America's Electoral College was badmouthed by a chorus of independent thinkers in the weeks leading up to last Tuesday's presidential election -- as it usually is.

But in the end the Electoral College served the nation well -- as it usually does.

Creative devotees of the conventional wisdom that disdains the college wore themselves out this year imagining elaborate nightmares that the system was in danger of foisting upon the nation. They were mostly versions of a deadlocked election, leading to a betrayal of the voters' will when the House of Representatives or the courts were called upon to choose our new president.

Or, at least, the college's detractors reminded us, there was always a chance that the loser in the popular vote would be made president by the college.

And, of course, because of the college a bare handful of battleground states once again monopolized the inestimable advantages of around-the-clock attack ads and almost daily candidate drop-ins -- for months on end.

It is true that the Electoral College has gone "wrong" a few times in American history -- most recently in 2000, when George W. Bush narrowly lost the nationwide popular vote yet became president. It is also true that in every election it gives outsized representation to residents of less populated states. It is even true that closely divided states get more attention from candidates -- and presumably, and more importantly, from presidents -- than "safe" states do.

But the nation gets something in return, and it was visible last week.

Barack Obama defeated Mitt Romney by about 2 percentage points in the popular vote Nov. 6 -- by about 3 million votes out of some 120 million cast. Yet this narrow victory was transformed into a clear, decisive and unassailable majority in the Electoral College -- which has evolved (in nearly all cases) to award all the electoral votes of each state to the candidate who wins a plurality of its popular votes.

In short, the college once again gave the nation finality and closure after a bitter and divisive campaign. A pure popular-vote system -- the vision that dances in the heads of many college critics -- might often do no such thing.

While we're imagining horribles, imagine how the thousands of lawyers at the disposal of the political parties might tie the country in knots with legal challenges and recounts after any close popular-vote outcome. Yes, as we learned in 2000, legal agonies can befall us under the college, too. But because reversing an Electoral College outcome would in most elections require separately overturning the outcomes in three or four or five states, it is much less likely.

Meanwhile, the Electoral College does something else that is even more valuable. Because winning the presidency under the college requires winning whole states -- and not simply running up vote totals in one's strongholds -- it forces candidates to seek broader national support. Just winning the overall popular vote doesn't cut it; one must win states. Thus, the candidate who prevails is typically the one who breaks out of his party's geographic and cultural home base and makes inroads, if you will, on the enemy's turf.

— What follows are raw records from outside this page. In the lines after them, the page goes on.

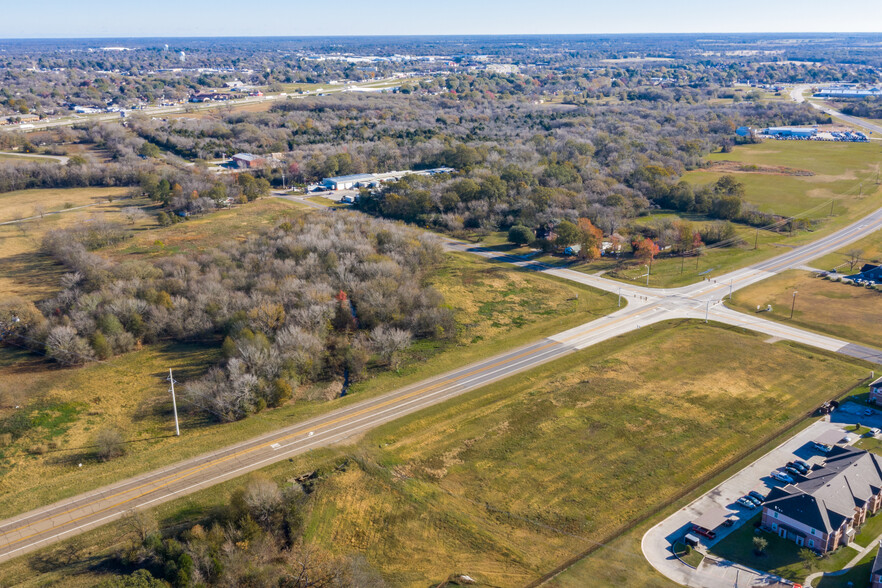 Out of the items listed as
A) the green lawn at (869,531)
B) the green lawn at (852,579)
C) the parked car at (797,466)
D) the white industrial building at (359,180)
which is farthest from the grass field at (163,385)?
the white industrial building at (359,180)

So it was last week. The base of the Democratic Party today is in what one might call downtown America -- the Northeast quadrant and the West Coast. The outskirts -- in the Old South and the arid West -- are the native soil of the GOP.

Each candidate carried most of the states in his political backyard. But Obama broke through to steal away Virginia, Florida (apparently), New Mexico, Colorado and Nevada. He also took Ohio, a state that has become the battleground of battlegrounds because it is closely divided between a Dixie-influenced hinterland and industrial metropolises along Lake Erie.

Romney broke out of the Republican backyard only in Indiana, a state much like Ohio. His overall support was slightly more regional, more factional and less national -- and so he lost decisively, because of the Electoral College.

Under a pure popular-vote system, candidates might well craft a winning strategy by concentrating on getting out the vote and running up the score in their own home regions. Winning in many different places would, in itself, no longer count. Candidates (and presidents) might become more the mere representatives of particular regions and interests rather than seeking to tap into the varied passions and concerns of America as a whole.

Electoral College critics will point out that these supposed benefits were not really what the Constitution's framers had in mind when they invented the system. They simply preferred their democracy to be as indirect as possible -- because, to be frank, they doubted the perfect wisdom of the average person. I can't imagine why.

But so what? Europeans discovered America while looking for a new route to India. Many wonder drugs have been discovered while researchers were trying to develop something else. It makes little sense to thoughtlessly discard a useful inheritance just because it is useful in a way our forebears did not intend.